Back in December, we premiered Usted’s ‘Catorce Pagas’, an impromptu release, part of a three-song live session filmed at The Famous Gold Watch studios in Berlin. Truth be told, we were always expecting the following Usted release to surpass the former – and it does. As Roberto Miranda makes a point of approaching things in a fun way, shaking things up along the road, he is now back with ’No Sufro’.
Co-produced by Berlin-based DJ and producer, Kurt Korthals and Miranda himself during a trip to his hometown in Santa Cruz de Tenerife, ‘No Sufro’ was constructed over an old Afro Venezuelan rhythm pattern taken from the archives of musicologist Oswaldo Lares.
The video is the product of three distinct visions coming together, combining the efforts of Amsterdam-based director, Xar Lee, Diego Delgado (Octubre.tv, Berlin) and Tenerife graphic designer, Mauro Sánchez. It’s an extremely fun and sharp outcome, only deliverable by Usted.

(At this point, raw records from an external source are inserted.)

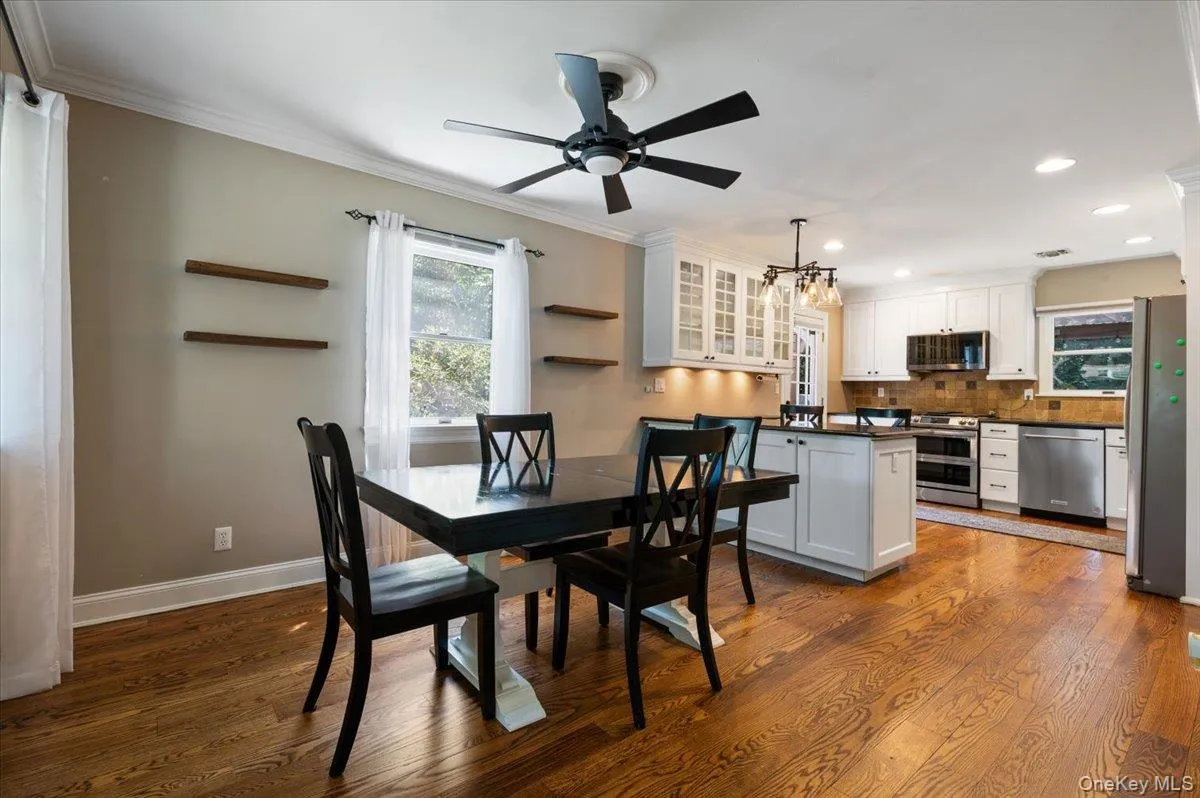 16 Brook Lane, Smithtown, NY, 4 Bedrooms Bedrooms, 9 Rooms Rooms,2 BathroomsBathrooms,Residential,For Rent,Brook,0,1015239 16 Brook Lane, Smithtown, NY, 4 Bedrooms Bedrooms, 9 Rooms Rooms,2 BathroomsBathrooms,Residential,For Rent,Brook,0,1015239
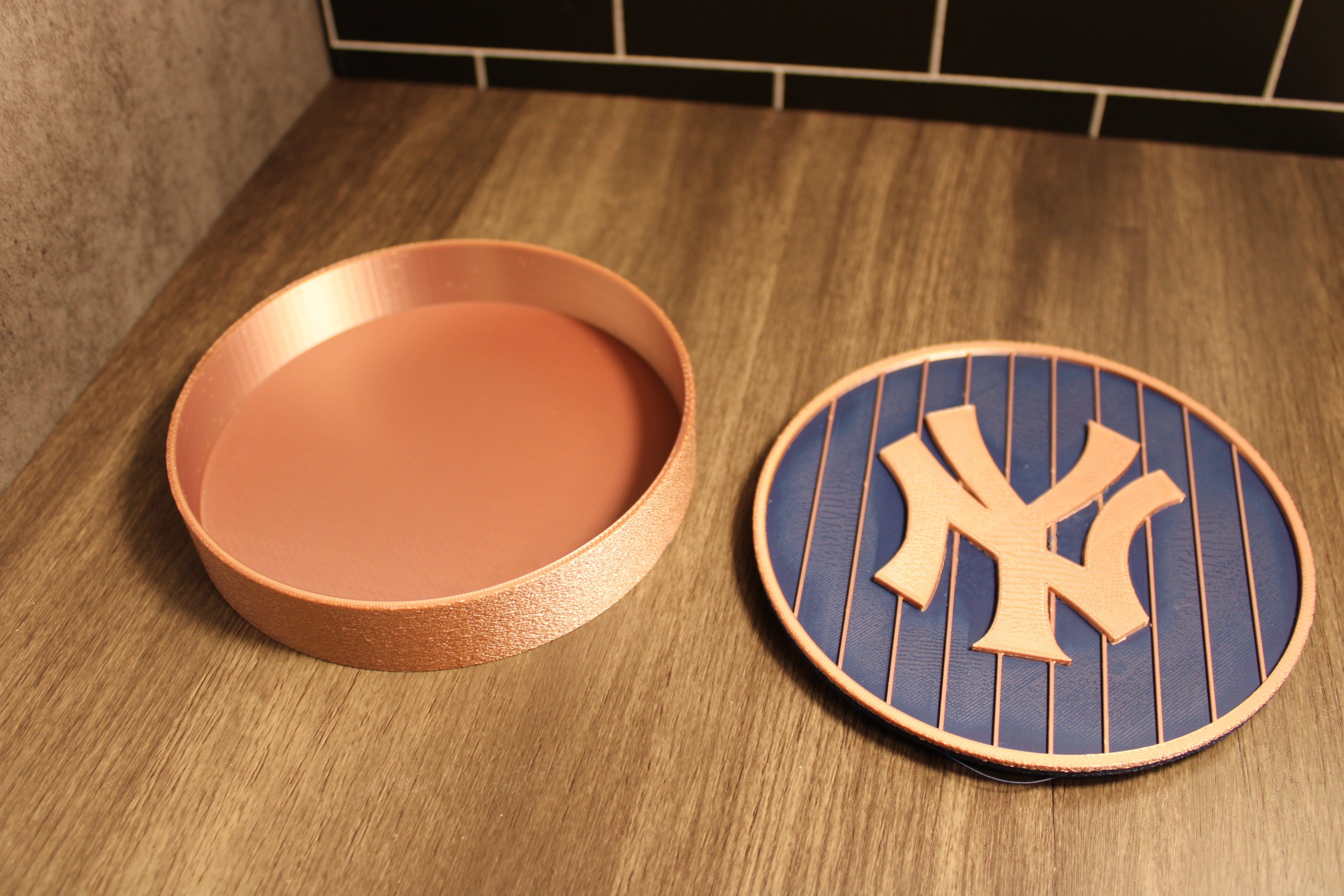 customized NY Yankees stash box: Rose Gold and Black Tiki-Taka3D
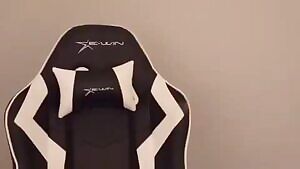 What we love about freckz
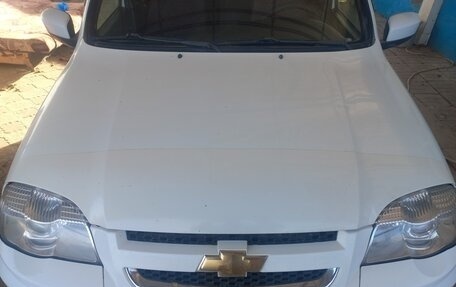 Chevrolet Niva I рестайлинг, 2012 год, 670 000 рублей, 10 фотография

We invited Roberto Miranda to shares with us the songs that contributed to the development of his musical taste, artistry and alter-ego. Dive in!
Prince – Batdance
Where to start? The first superhero movie ever to use latex as a way to reimagine those impossible outfits, with a short, balding comedian playing Batman, Jack Nicholson as the Joker, and PRINCE DOING THE SOUNDTRACK? This shit defined my childhood. Is there a longer, weirder, more fragmented mainstream hit single than ‘Batdance’?
(From the archive of Oswaldo Lares) – ‘Quitiplás’
I learned about this Maracaibo musicologist through an exhibition that my friend Sol Calero helped organise in Berlin some years ago. After being introduced to certain elements of Venezuelan’s oldest traditional music culture, it has become a very frequent procedure in Usted’s music to try and build a pop song by just singing over one very specific, hypnotic rhythm pattern, using no harmonic elements at all.
I think that if you nail those two elements alone, the rest comes on its own. Here’s a challenge: Play this video to the end and let the beat suggest a voice of its own. If you do it carefully, you should be able to start hearing your own new tune over it.
Micachu and the Shapes – Heaven (Live)
Sorry, I’ve got no story about this song. It’s just that I watched this particular performance of it so many times and felt it would only be fair to include it here. It might be some approximate idea of “tidy punk” that I associate with it and which I like to adopt as a way to (ideally) present my own sound when I perform live. I don’t know. I just relate to this one so much. I want more band albums from Mica Levi!
Harry Nilsson – Kojak Columbo
Deep in my heart, I’m just a classic rock geek trying not to mention the most obvious influences to sound cooler than I really am. But it’s just something about the way they made records in the sixties and seventies, maaaan! I thought I’d include Harry Nilsson here: an artist that was very much part of the consciousness of the “Beatles era” but still remains relatively obscure. The reason why I chose this tune, in particular, is because it includes a drum’n’horns groove which I think about (at least) once a week. I think it’s actually Ringo playing on it.
Beck – Nicotine and Gravy
It often takes two or more listens until we can say “YES, I like that”. But back in 1999, I remember getting a tape with Beck’s brand new ‘Midnite Vultures’ and thinking: “was this whole record designed especially for me???”. To this day, it remains the only album that I 100% liked since the very first listen. I might have worked out the reason by now: extremely complex, entertaining production and arrangements while keeping the lead vocal melodies as simple as possible. Thanks for the tip, Beck!